Becoming infrastructure lead

This month I transitioned from a tech lead role to infrastructure lead.

Our product is composed of four simple Ruby apps and an ecosystem of more complicated infrastructure components.

We haven’t had an infrastructure lead in the past and the team has needed one.

Role and responsibilities

Ours is an infrastructure heavy project, and I’m excited to take on this new role.

My main responsibility will be focusing on the technical vision and delivery roadmap of our infrastructure.

I’ll be working closely with the tech lead, delivery and product managers, and technical architect.

Challenges

Our infrastructure needs work.

Like a lot of teams we have technical debt to pay down, as well as improvements I’d love to achieve –– mostly around implementing SRE best practices.
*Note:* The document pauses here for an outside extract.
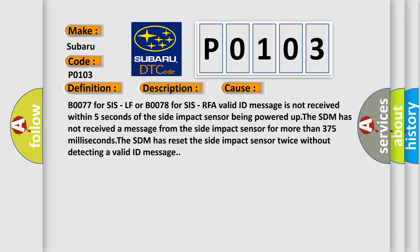B0077 for SIS-LF or B0078 for SIS-RFA valid ID message is not received within 5 seconds of the side impact sensor being powered up. The SDM has not received a message from the side impact sensor for more than 375 milliseconds. The SDM has reset the side impact sensor twice without detecting a valid ID message.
I’d love to tackle our monitoring and alerting, with a specific focus on how we log in our applications and infrastructure. There’s room for improvement and it’d be great to get the team’s heads together to dig deep into what we want for observability on the team.

Finally, there’s some legacy inefficiency which we could investigate and problem solve, partly in the infrastructure but also in the applications and domains themselves. The code has grown organically based on the immediate demands and I think it’s time to think more intentionally about system design.

I’m really excited about the work coming up and collaborating with the various team specialisms (UX/UI, content, application development, and technical architecture).

What’s next

The first step will be to prioritise key improvements, focusing on end user needs and framing the work we do whether it’s infrastructure or otherwise on the end impact. We also have to keep in mind external stakeholders in government.

Ensuring we centre end user needs can be challenging, especially when it comes to infrastructure improvements, and will require strong collaboration across the different expertise on the team.

There’s lots work to do and I’d love to achieve all the things, but I’m also really excited. One of the things I love about this product and the stack is its potential to be an exemplary service.

The overall design and infrastructure are relatively simple, compared to some other products I’ve worked on, and it’s a great opportunity to iterate on what we have and more deeply invest in SRE and app development best practices.